Pete Sixsmith‘s report of the 2-2 draw with West Ham, and the dramatic aftermath, drew comments from both his brothers, Bishop-dwelling Michael (that doesn’t mean he lives inside a senior cleric) and exiled-in-Greece Phil. Will his farewell to Dick Advocaat produce another Sixer hat-trick?
Continuing our classical theme, we move from the Greek swansong (so ably deconstructed by Sixsmith Minor) to the Latin word “valediction”, which my trusty Chambers says is “a bidding farewell” (and which Sixer neatly offered as “valedicktion” when sending his article – Ed). There have been quite a few of those since Salut! Sunderland started up in the dim and distant past of the Roy Keane era.
Julius Caesar famously said (or probably didn’t) “Veni, Vidi, Vici” (“I came, I saw, I conquered”).
Alas that does not apply to Dick Advocaat, who may say “I came, I saw, I quite liked it here, but why on earth did we bring in the likes of Kaboul, Borini and Matthews? Oh, well back to the tulip beds.”
There are very few Sunderland supporters who will have a bad word to say about the genial Dutchman.
One friend, someone a little bit ITK, texted yesterday morning to say that he was leaving with dignity and with the full respect of everyone, words which I think sum up the feelings of many of us.
This has been a very poor start to the season but it is clear that Advocaat knew that there needed to be a more positive style of play, which is why Lens, M’Vila and Toivonen were brought in and why Cattermole, Fletcher and O’Shea were left out.
We saw the benefits of the first three on Saturday. They were fleet of foot and quick of mind, exactly like the players you can see in the Bundesliga or La Liga on television. They play with skill and with energy which is exactly what the head coach wanted from them.
Now look at the British players he inherited. I thought he was wrong to prefer Kaboul to O’Shea and so did he as he re-instated the Irishman three games in.
But Cattermole and Fletcher epitomise all that is wrong with English football. Both are moderately talented players who seem to take little notice of managers and coaches and who continue to play the way that they want to.
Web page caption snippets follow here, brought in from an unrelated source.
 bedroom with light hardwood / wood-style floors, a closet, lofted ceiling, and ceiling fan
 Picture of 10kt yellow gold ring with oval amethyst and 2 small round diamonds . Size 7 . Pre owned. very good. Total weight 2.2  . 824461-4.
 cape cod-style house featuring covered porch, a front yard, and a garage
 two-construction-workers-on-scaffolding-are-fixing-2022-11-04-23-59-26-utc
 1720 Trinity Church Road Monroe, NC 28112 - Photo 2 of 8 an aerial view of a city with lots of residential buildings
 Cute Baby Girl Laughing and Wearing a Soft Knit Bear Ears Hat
Put Cattermole with a quality player like M’Vila and tell him what is expected of him, however, and you see an improvement. Cattermole would have seen M’Vila as a rival; Advocaat saw the two of them working together once the Teessider had stopped giving away needless penalties.
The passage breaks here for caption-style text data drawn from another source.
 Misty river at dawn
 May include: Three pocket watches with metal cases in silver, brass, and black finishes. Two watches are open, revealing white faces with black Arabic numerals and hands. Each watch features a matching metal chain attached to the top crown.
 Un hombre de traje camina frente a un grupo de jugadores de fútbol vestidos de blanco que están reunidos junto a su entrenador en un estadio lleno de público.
Fletcher turned in a very good performance on Saturday after being given a proper foil in Toivonen, allowing the Scot to play further up the field and not have to come back to search for the ball. It was probably his most effective display as a Sunderland player.
Now that Advocaat and Zeljko Petrovic have left, will these two slip back into their bad old ways, ways which have frustrated experienced managers like O’Neill and Advocaat, younger ones like Poyet and madmen like Di Canio?
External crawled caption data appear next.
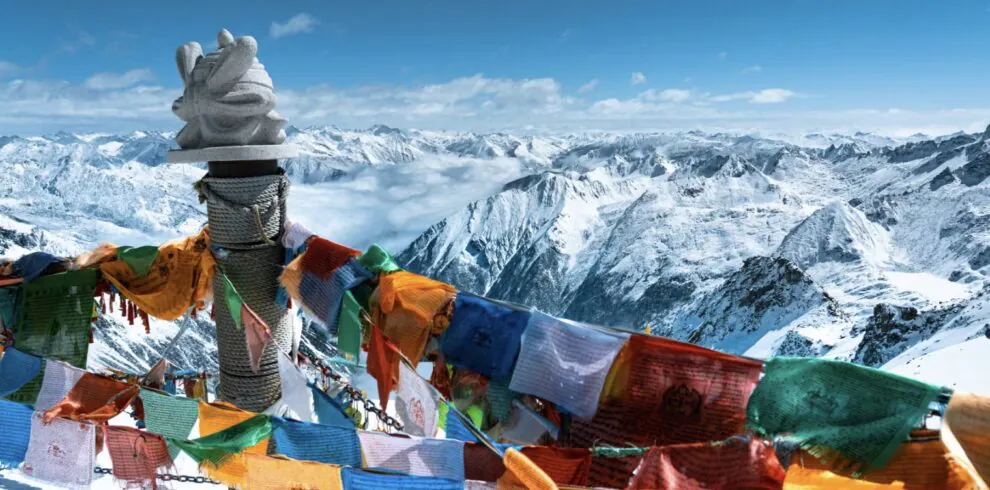 Bipenggou, 3-Days Explore Western Sichuan in Winter- Siguniang Mountain, Bipenggou, and Dagu Glacier, china tour, Colorful prayer flags flutter around a stone cairn atop a snowy mountain, with a vast range of snowcapped peaks in the background.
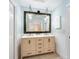 Bathroom featuring a modern vanity with double sinks, stylish fixtures and mirrors at 17 Lawn St, Oviedo, FL 32765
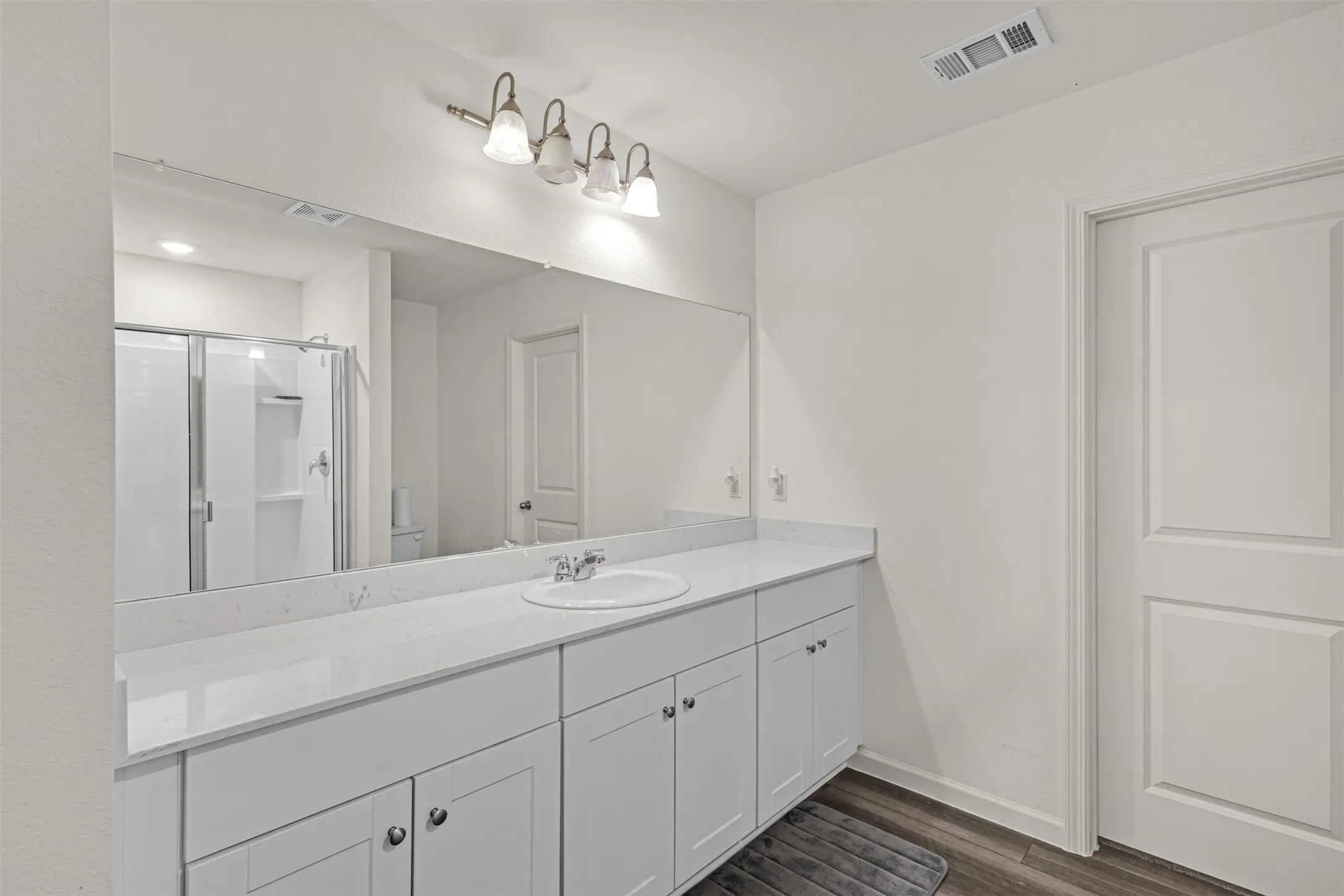 White double vanity with a single undermount sink, a large wall-mounted mirror, and a four-light vanity fixture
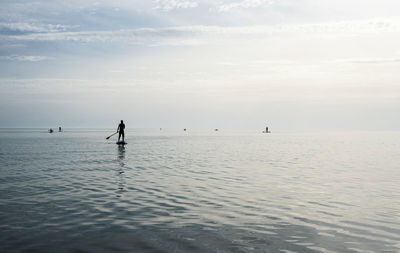 Young man on stand up paddle board on sea on sunny summer day, active lifestyle, outdoor activity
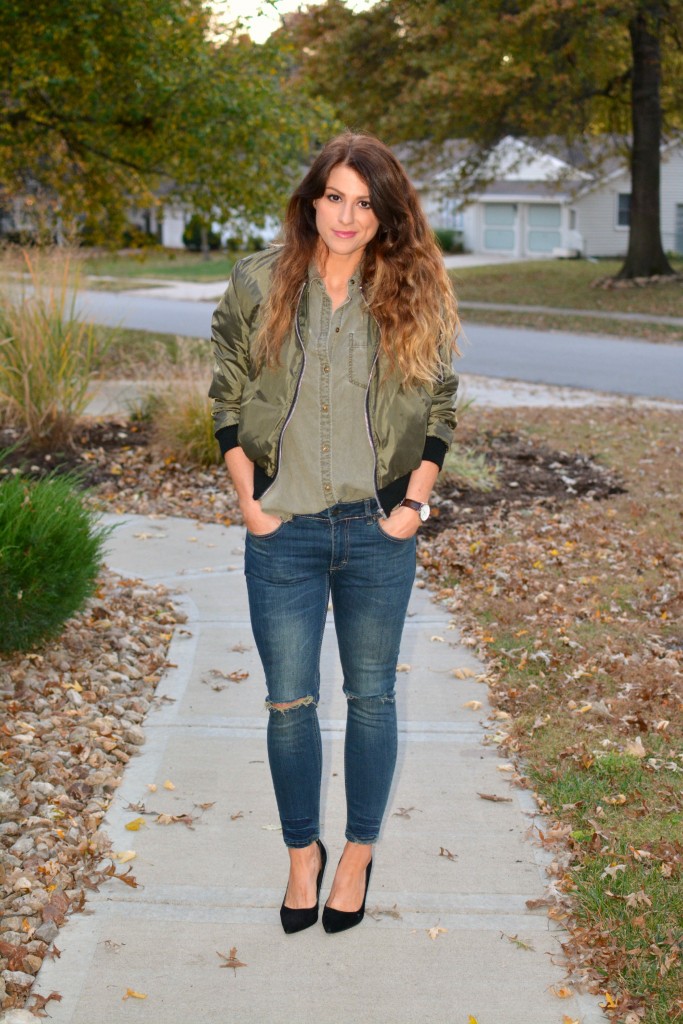 Ashley from LSR in an olive green bomber jacket, Sincerely Jules jeans, and black pumps.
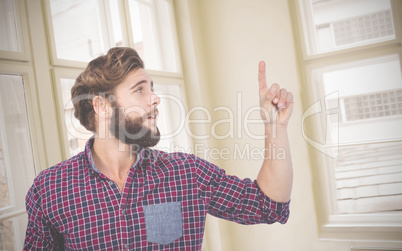 Composite image of hipster pointing upwards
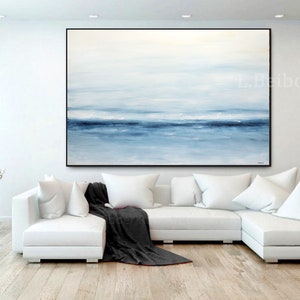 May include: A large abstract painting of a seascape in shades of blue and white hangs above a white sectional sofa in a modern living room.
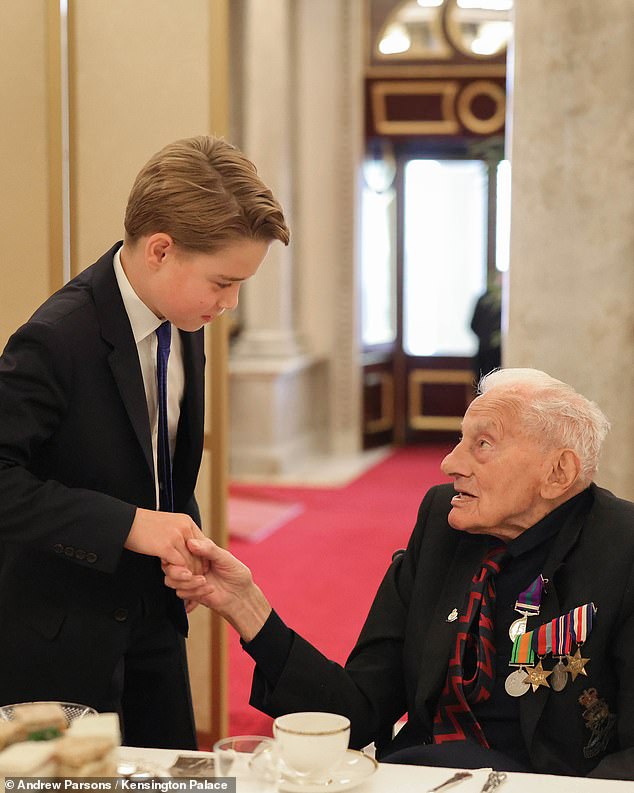 The prince, who was dressed in a smart suit and tie, was seen listening attentively to their stories while posing for photographs as George exuded a 'quiet confidence'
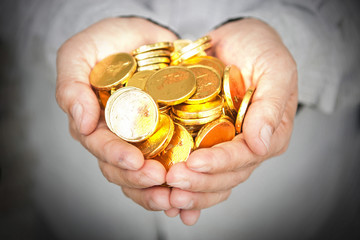Hands holding gold coins.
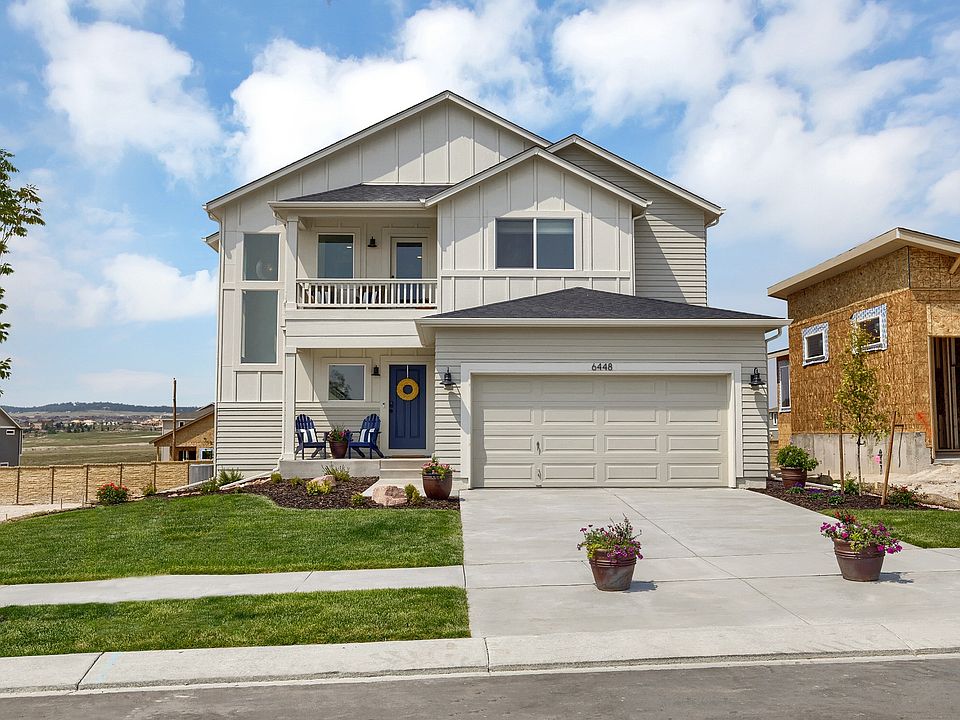 Farmhouse Exterior Photo representing home to be built and may demonstrate optional features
Advocaat gave us a picture of what football was all about – movement, skill and the ability to do what you do properly. His ideas were well received by the crowd who had grown disillusioned with the keep ball played by Poyet , the stultifying boredom of the O’Neill era and the incompetence of Di Canio and de Fanti.
Advocaat’s departure leaves this writer feeling sad, angry and wondering where on earth we go to from here.
Sad that we did not have the full interim period to find the next manager/head coach; angry that, yet again, a club that Monsieur Salut, me and many thousands of others have devoted much of their lives to, is once again seen as a club that is going nowhere and is rapidly becoming a basket case.
And what of the future? It looks like we are going from a man who has won trophies, managed at international level and been at the top of the tree to a manager who has a reputation as one who “ensures you don’t get relegated” – and who may bring in Kevin Nolan.
Or it could be one who likens journalists to large flightless birds from Southern Africa or one who has done well at a properly run club and who may fancy a pitch at a bigger club but who may eventually baulk at the politics that seemingly go on under the surface at Sunderland.
If none of those, I am sure Jeremy Corbyn might inspire a few of the players to greater heights for the common good. Failing that, let’s bring in Boris.
Goodbye Dick. It was a pleasure to have a Head Coach with some vision. We may not see your like again.